I'd be happy to clarify further if anyone has any questions on this research.
Comment 8 Ahmad Saleem 2022-07-19 10:50:31 PDT
Created attachment 461013 [details]
Safari 15.5 matches other browsers

I am unable to reproduce this bug using attached test case in Safari 15.5 on macOS 12.4 and it matches with all other browsers as can be seen from attached screenshot. I think it was fixed along the way. Can this be marked as "RESOLVED CONFIGURATION CHANGED"? Thanks!

In case, if I am testing incorrectly, please test accordingly. Thanks!
Comment 9 Ryosuke Niwa 2022-07-19 11:36:12 PDT
It does seem like this is a config changed. Thanks for testing.
Comment 10 Alexey Proskuryakov 2022-07-20 17:21:32 PDT
I don't think that WebKit behavior is quite right in this general area.

It is exceptionally tricky, as we need to consider end to end behavior on macOS and on Windows, with the differences coming from input method and file system API behaviors. Sometimes, matching end to end behavior of Chrome on Windows can mean diverging from Mac Chrome behavior on minimized test cases.

This document is still a WG note, but it continued to be steadily updated - the latest revision is from 2021. We need to look into what it says now, and work towards converging.

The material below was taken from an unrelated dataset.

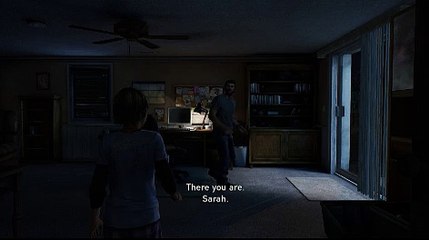 Survival Horror The Last of Us™ Remastered - Gameplay (9)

I don't know if keeping this bug open is helpful for actually getting that done. What do others think?
Comment 11 Darin Adler 2022-07-20 18:12:32 PDT
I think focused bugs about particular workflows that this affects are more useful to our project than a bug that talks about a general principle. We should take our understanding about what might be wrong here and turn it into a small set of test cases that can demonstrate what goes wrong. Some of those test might be able to go into Web Platform Tests, but many might be too much about system interaction to fit that well. However, I think we’ll get better results with bugs about symptoms rather than using a bug to track "match a specification", in this case at least.